One of the original translators of Don Quixote expresses his doubt about whether the account that Don Quixote gave of what happened in the Cave of Montesinos is true. He doesn't believe Quixote lied, but he doubts it is true--though he believes all prior advenutres happened as told.
The cousin is shocked by how boldly Sancho insults his master. He figures Quixote must be in a good mood to not react to his squire's insolence. The cousin considers himself blessed in his acquaintance of Don Quixote, for he has learned what the Cave of Montesinos contains and about the antiquity of cards, which will be useful to him. Quixote expresses doubt about how many people he can dedicate his books to, but the cousin says there are a few.

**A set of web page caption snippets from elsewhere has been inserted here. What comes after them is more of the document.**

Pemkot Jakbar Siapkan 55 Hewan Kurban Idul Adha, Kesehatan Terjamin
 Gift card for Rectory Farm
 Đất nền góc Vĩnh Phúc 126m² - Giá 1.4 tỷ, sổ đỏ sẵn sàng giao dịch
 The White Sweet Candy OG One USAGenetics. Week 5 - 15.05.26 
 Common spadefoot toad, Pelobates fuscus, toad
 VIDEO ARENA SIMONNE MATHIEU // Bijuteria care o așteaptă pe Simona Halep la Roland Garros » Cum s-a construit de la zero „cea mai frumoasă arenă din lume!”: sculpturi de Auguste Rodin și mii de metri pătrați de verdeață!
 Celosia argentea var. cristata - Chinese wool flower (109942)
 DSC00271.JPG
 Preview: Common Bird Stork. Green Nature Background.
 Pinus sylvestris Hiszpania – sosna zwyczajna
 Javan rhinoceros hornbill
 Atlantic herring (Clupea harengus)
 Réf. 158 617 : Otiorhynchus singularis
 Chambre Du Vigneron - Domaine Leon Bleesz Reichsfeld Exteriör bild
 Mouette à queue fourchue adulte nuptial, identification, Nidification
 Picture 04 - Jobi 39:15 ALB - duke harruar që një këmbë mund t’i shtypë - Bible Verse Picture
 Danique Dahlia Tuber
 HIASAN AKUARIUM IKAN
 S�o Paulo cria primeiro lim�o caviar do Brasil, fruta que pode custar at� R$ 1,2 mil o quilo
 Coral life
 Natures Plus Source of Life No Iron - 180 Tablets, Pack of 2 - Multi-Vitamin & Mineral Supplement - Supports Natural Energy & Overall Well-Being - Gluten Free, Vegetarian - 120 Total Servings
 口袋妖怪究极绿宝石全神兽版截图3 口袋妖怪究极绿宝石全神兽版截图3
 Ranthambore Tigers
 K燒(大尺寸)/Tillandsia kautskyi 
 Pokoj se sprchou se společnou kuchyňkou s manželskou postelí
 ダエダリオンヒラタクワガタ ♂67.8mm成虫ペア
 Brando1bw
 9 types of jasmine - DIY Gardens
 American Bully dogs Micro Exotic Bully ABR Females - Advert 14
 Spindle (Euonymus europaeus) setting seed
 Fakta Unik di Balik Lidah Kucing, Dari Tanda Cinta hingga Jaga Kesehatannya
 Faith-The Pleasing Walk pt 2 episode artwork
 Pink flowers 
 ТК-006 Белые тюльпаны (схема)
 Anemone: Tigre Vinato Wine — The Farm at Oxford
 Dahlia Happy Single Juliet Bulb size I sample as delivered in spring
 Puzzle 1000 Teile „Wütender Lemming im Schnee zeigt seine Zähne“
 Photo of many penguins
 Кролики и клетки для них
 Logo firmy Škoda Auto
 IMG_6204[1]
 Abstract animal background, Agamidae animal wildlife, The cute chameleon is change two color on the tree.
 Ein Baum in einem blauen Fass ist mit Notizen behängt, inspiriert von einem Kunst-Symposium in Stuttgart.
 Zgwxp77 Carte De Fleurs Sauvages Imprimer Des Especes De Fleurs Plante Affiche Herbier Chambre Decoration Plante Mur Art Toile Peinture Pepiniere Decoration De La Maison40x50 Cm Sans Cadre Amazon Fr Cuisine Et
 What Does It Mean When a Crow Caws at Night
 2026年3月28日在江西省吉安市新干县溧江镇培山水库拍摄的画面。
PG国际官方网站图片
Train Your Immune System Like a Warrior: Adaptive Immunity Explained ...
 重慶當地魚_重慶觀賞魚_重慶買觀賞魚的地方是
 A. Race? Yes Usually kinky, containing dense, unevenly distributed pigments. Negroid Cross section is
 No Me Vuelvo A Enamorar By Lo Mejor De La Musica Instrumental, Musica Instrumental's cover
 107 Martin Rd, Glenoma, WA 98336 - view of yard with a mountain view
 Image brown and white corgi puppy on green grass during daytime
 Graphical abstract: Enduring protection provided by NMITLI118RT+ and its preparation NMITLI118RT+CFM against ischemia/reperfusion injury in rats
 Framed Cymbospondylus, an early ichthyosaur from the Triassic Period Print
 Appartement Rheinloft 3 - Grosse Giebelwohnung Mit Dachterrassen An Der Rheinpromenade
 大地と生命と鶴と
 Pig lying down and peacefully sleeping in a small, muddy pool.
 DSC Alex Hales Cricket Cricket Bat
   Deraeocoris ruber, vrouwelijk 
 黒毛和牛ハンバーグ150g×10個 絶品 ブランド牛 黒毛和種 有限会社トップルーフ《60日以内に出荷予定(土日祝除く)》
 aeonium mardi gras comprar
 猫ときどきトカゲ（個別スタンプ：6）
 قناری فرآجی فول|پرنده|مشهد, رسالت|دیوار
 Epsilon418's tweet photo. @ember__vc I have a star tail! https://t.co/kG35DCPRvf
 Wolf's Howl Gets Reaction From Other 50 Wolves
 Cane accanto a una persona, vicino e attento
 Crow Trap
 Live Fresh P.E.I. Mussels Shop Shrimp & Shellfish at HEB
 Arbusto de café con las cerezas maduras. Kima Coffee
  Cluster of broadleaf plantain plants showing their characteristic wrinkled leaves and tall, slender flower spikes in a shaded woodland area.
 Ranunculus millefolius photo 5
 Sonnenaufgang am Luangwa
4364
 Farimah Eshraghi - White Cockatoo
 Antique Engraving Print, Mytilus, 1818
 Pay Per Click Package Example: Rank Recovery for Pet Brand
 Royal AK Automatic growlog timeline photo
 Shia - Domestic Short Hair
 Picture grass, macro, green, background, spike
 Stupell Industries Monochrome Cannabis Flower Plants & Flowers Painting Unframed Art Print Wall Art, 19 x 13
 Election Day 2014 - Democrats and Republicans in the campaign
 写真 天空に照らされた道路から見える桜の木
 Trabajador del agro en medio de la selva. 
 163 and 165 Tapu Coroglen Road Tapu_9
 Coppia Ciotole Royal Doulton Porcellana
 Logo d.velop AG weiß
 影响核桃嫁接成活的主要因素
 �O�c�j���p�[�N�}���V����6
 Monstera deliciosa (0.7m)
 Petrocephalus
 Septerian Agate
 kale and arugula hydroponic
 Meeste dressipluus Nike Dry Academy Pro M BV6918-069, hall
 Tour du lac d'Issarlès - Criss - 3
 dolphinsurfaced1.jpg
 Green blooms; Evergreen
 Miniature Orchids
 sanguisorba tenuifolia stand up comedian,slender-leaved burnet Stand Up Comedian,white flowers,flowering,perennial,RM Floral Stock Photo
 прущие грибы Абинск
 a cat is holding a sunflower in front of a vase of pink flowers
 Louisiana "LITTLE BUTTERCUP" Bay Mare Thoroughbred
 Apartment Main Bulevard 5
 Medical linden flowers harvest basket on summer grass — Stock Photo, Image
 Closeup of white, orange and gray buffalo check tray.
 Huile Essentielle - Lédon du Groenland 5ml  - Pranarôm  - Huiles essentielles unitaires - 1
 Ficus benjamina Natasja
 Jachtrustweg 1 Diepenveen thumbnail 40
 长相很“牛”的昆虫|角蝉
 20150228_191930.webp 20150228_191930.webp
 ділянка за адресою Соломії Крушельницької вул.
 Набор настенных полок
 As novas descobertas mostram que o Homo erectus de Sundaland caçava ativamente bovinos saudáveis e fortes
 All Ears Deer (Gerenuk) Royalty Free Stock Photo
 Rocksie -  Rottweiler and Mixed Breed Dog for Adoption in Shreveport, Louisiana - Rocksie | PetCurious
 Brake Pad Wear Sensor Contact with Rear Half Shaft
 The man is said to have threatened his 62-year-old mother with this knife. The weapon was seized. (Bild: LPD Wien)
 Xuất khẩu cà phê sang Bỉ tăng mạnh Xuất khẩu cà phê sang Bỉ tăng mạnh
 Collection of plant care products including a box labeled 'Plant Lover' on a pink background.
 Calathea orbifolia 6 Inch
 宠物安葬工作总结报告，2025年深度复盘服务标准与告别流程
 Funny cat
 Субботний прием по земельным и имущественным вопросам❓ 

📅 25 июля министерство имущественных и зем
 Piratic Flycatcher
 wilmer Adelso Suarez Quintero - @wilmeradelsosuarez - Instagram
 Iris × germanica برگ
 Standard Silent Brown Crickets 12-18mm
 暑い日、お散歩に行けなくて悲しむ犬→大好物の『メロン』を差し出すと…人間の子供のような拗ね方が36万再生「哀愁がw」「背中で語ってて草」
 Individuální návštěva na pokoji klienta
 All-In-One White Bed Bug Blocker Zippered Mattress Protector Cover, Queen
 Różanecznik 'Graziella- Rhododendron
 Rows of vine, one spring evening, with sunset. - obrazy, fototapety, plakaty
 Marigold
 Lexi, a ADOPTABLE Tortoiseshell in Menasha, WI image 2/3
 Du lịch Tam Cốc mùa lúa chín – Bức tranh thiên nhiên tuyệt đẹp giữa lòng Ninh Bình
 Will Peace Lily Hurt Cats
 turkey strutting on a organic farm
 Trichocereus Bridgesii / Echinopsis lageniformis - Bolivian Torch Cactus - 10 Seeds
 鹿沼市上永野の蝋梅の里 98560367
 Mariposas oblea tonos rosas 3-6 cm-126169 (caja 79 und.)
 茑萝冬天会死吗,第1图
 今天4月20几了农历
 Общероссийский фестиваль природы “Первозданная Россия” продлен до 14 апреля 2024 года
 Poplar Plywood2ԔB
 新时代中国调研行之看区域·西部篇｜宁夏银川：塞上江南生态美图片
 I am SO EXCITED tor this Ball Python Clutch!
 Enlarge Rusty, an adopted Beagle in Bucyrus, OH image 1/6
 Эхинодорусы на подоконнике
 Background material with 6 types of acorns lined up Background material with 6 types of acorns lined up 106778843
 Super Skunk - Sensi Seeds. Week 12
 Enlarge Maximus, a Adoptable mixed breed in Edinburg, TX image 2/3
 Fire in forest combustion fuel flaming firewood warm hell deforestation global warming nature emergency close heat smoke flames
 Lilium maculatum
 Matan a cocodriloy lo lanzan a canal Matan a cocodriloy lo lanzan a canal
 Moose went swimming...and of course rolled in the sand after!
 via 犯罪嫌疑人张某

They come across a man on the road carrying arms. He tells them he cannot stop, but they will see him at an inn if they stop there. There are some curious things he can tell them.
They continue on the road to the inn and come across a youth. Don Quixote asks where he is going, since he is traveling lightly. The youth replies it is hot, and he is poor—that is why he travels lightly. He is going to war. He plans to catch up with the infantry so he can enlist. He is tired of working for stingy masters. Don Quixote comments that the life of a soldier is a noble one. You win honor. He invites the boy to ride and dine with him. The page accepts the invitation to dine but prefers to walk.
Sancho is glad that Quixote doesn’t mistake the inn for a castle when they arrive there.